From the material below, copy exactly the lines beginning with the one that contains "Inline 12 Volt" and ending with the one that contains "解析八字纳音五行大驿土 八字纳音五行大驿土怎么解"; the pictures stay out.

▸ Information provided
##############################

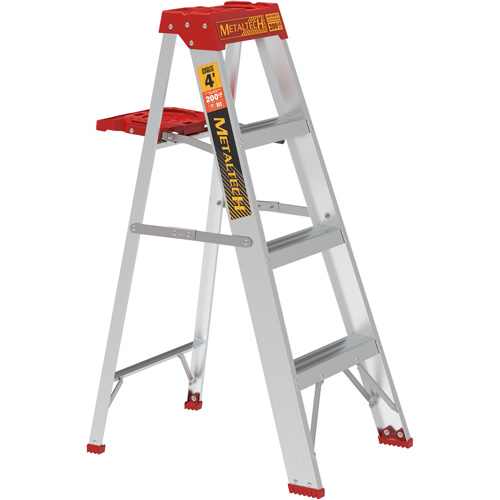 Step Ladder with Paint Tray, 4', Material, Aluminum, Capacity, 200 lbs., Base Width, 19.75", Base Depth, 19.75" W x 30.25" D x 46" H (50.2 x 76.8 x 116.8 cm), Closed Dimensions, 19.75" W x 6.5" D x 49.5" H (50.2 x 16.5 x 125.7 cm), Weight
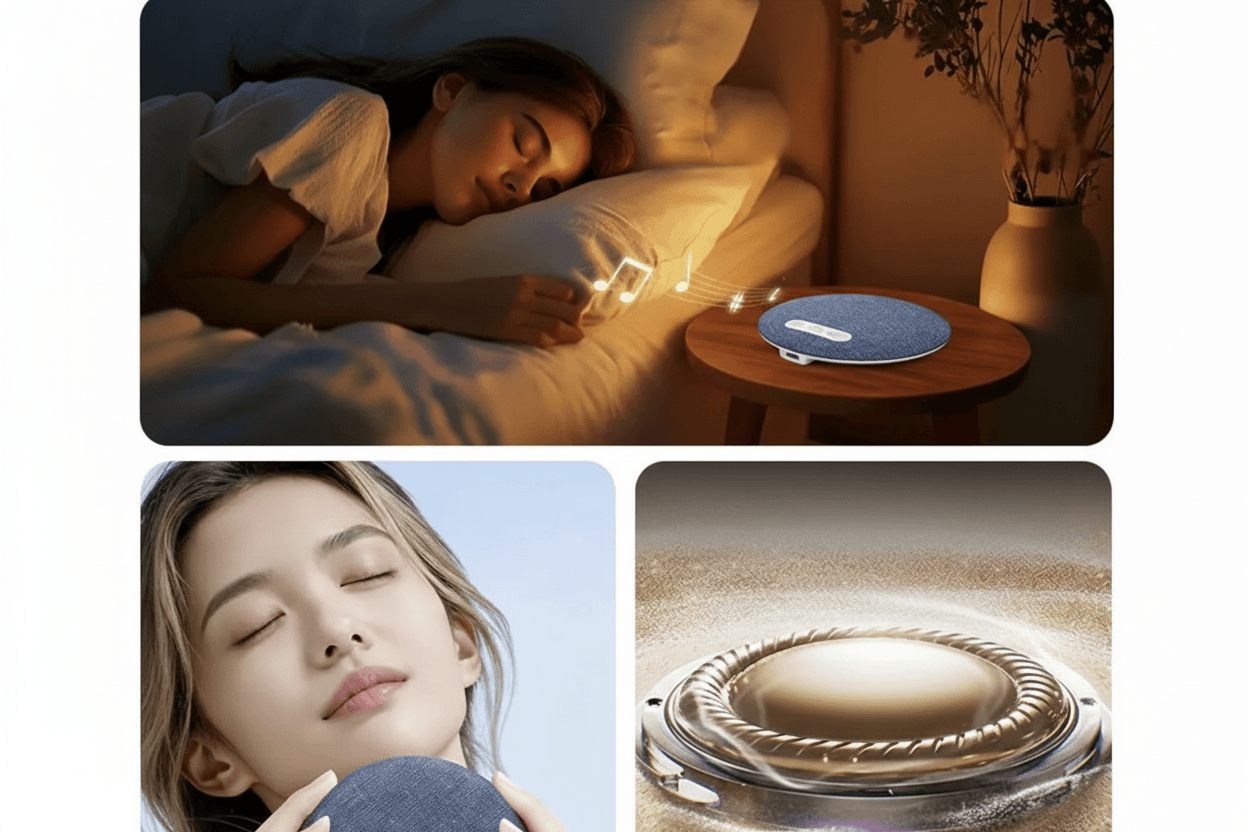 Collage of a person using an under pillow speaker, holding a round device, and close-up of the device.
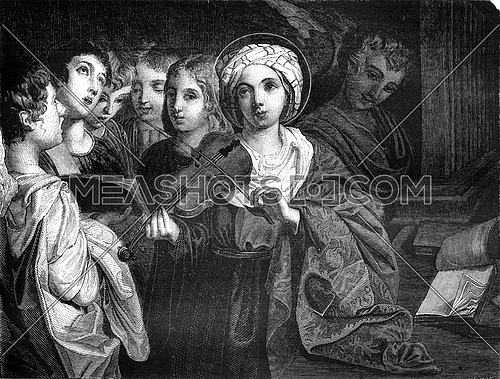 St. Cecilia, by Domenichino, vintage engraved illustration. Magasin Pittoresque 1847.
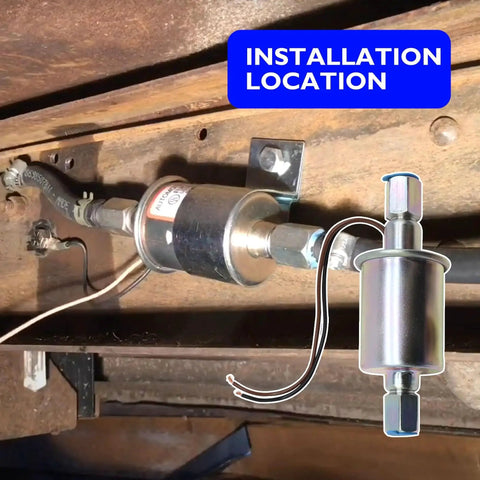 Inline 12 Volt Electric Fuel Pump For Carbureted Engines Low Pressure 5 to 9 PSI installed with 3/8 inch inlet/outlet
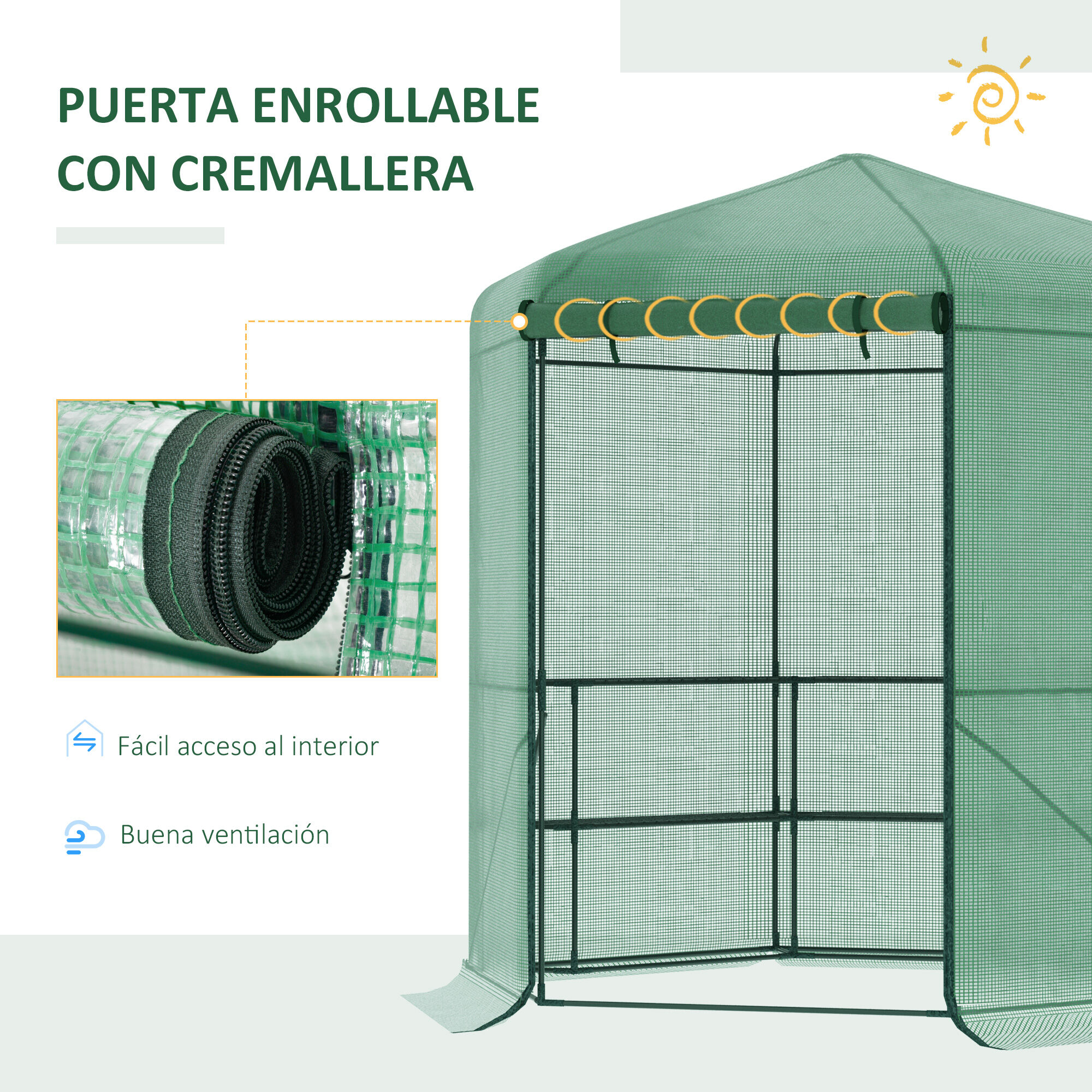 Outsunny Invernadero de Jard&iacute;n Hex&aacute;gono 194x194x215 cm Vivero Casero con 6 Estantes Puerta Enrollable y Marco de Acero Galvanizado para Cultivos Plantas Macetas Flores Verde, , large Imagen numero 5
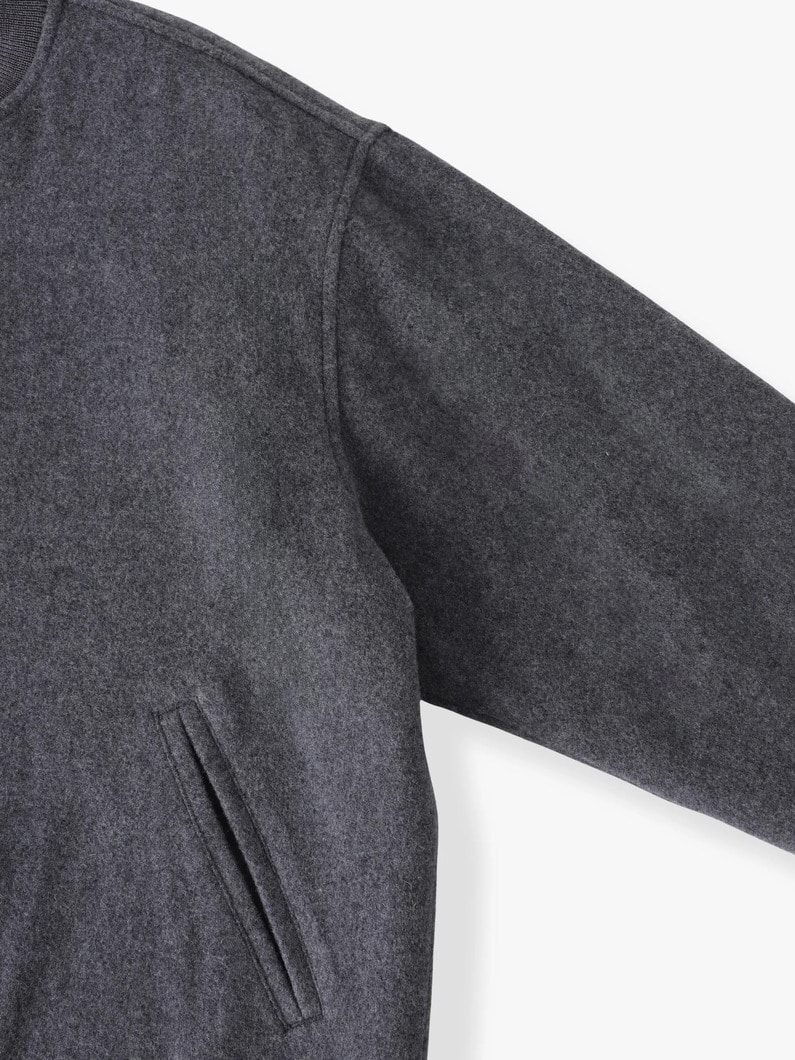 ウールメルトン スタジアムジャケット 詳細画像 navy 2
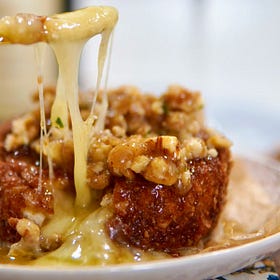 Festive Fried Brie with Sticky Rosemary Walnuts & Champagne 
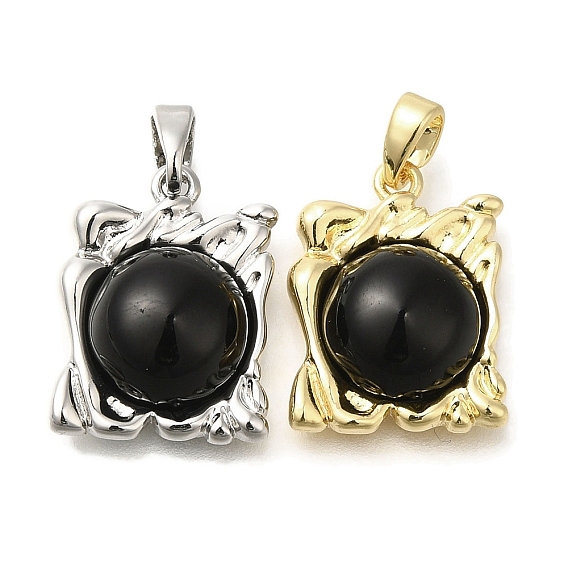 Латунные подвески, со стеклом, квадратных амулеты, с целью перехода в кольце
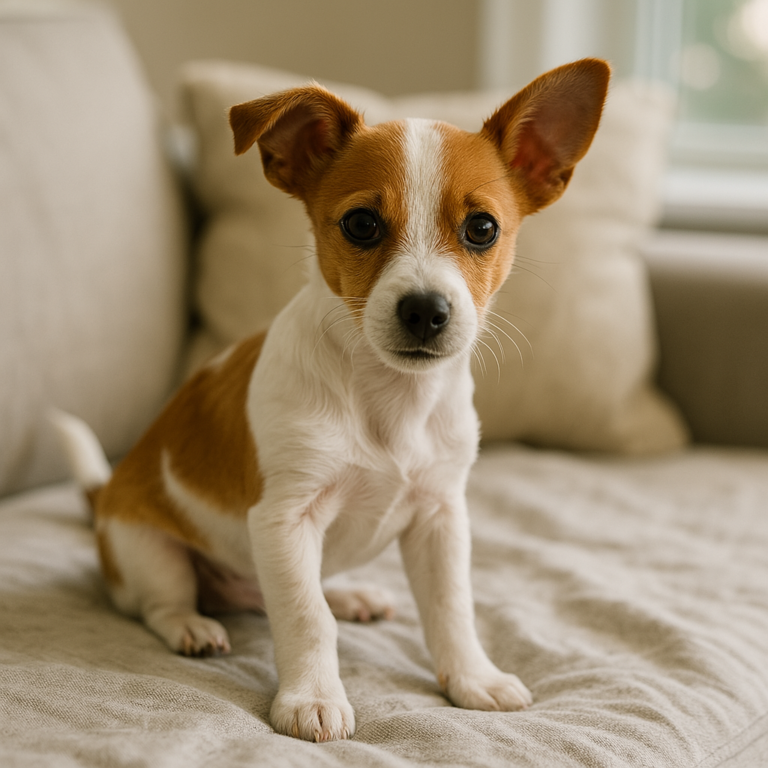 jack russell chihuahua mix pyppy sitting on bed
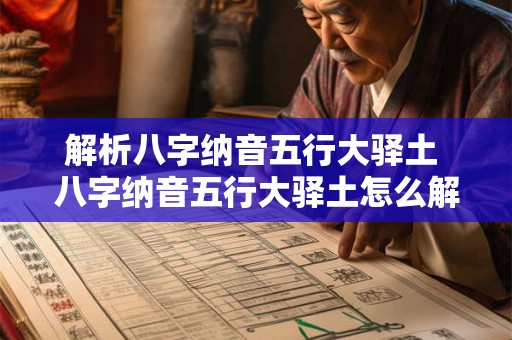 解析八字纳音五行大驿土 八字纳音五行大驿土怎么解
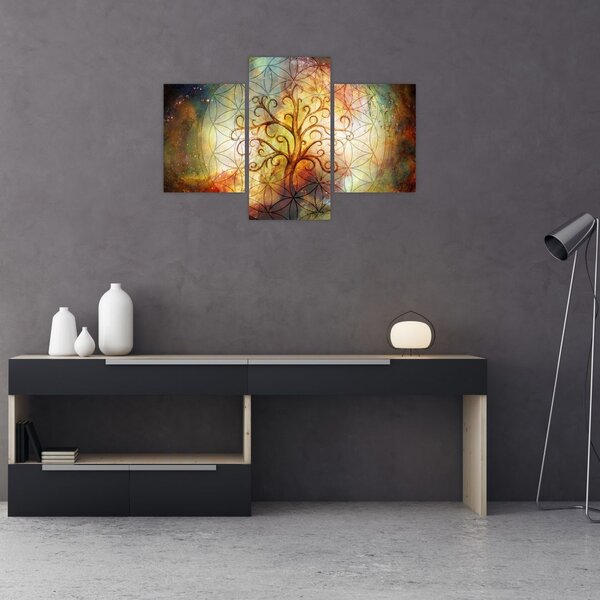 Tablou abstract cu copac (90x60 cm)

##############################

▸ Result for this exercise
 Inline 12 Volt Electric Fuel Pump For Carbureted Engines Low Pressure 5 to 9 PSI installed with 3/8 inch inlet/outlet
 Outsunny Invernadero de Jard&iacute;n Hex&aacute;gono 194x194x215 cm Vivero Casero con 6 Estantes Puerta Enrollable y Marco de Acero Galvanizado para Cultivos Plantas Macetas Flores Verde, , large Imagen numero 5
 ウールメルトン スタジアムジャケット 詳細画像 navy 2
 Festive Fried Brie with Sticky Rosemary Walnuts & Champagne 
 Латунные подвески, со стеклом, квадратных амулеты, с целью перехода в кольце
 jack russell chihuahua mix pyppy sitting on bed
 解析八字纳音五行大驿土 八字纳音五行大驿土怎么解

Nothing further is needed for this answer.